From my perspective, the probability that Spark would rug users and prevent them from exiting is very low. By contrast, I saw an order-of-magnitude higher probability of a government raid on our office and the seizure of keys when we were operating a custodial service. That is why we stepped back from that model.

Piggy is not designed to be a tool for storing life savings. It is a piggy bank. There are many risks associated with it, and we understand that clearly. Many of those risks are disclosed in our Terms of Service. Even in the unlikely scenario that Spark became fraudulent and unilateral exit failed, which I believe is close to zero, we would likely be the biggest losers, given our multi-bitcoin investment in building this project. No individual user should be keeping anywhere near that level of funds in Piggy, not even a hundred times less. In that kind of worst-case scenario, the loss should be thought of more like someone stealing a ceramic piggy bank from your kitchen, not like losing a serious long-term savings account.

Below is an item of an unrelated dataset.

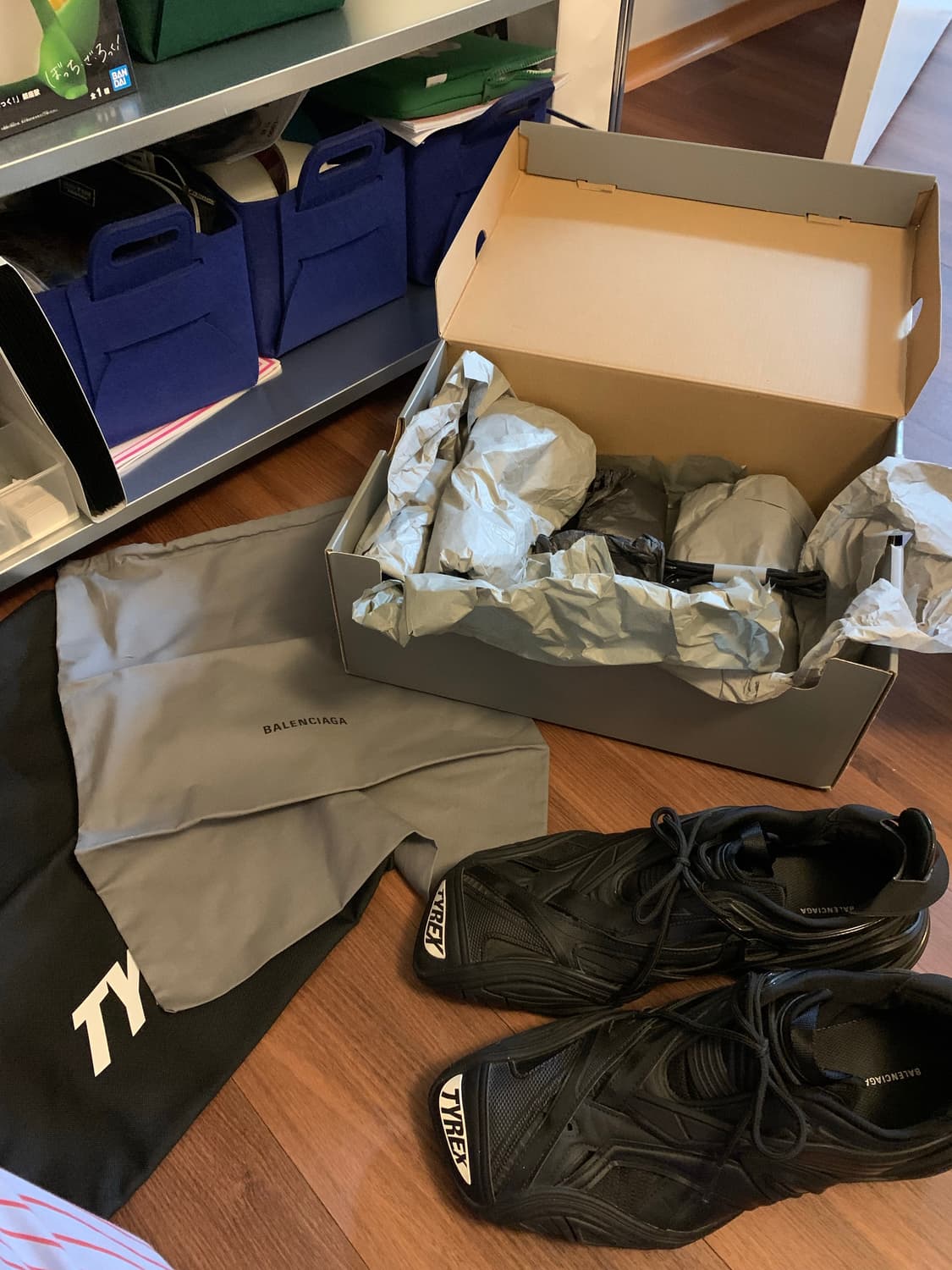 발렌시아가 타이렉스 블랙 상품이미지10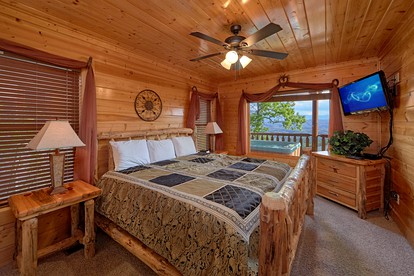 Incredible Great Smoky Mountains Cabin Rental for Romantic Getaways in Tennessee - Pigeon Forge, Tennessee - glamping.directory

More broadly, Lightning is not meant for savings. It is meant for transacting. If I were building a tool for storing life savings, I would not rely on current Lightning technology, including fully self-custodial Lightning setups. That problem is already well solved by other tools, including hardware wallets, multisig setups, and similar approaches.

Hug

(By the way, we don’t use Breez, and users can still exit even if our servers are down, so the only dependency is Spark)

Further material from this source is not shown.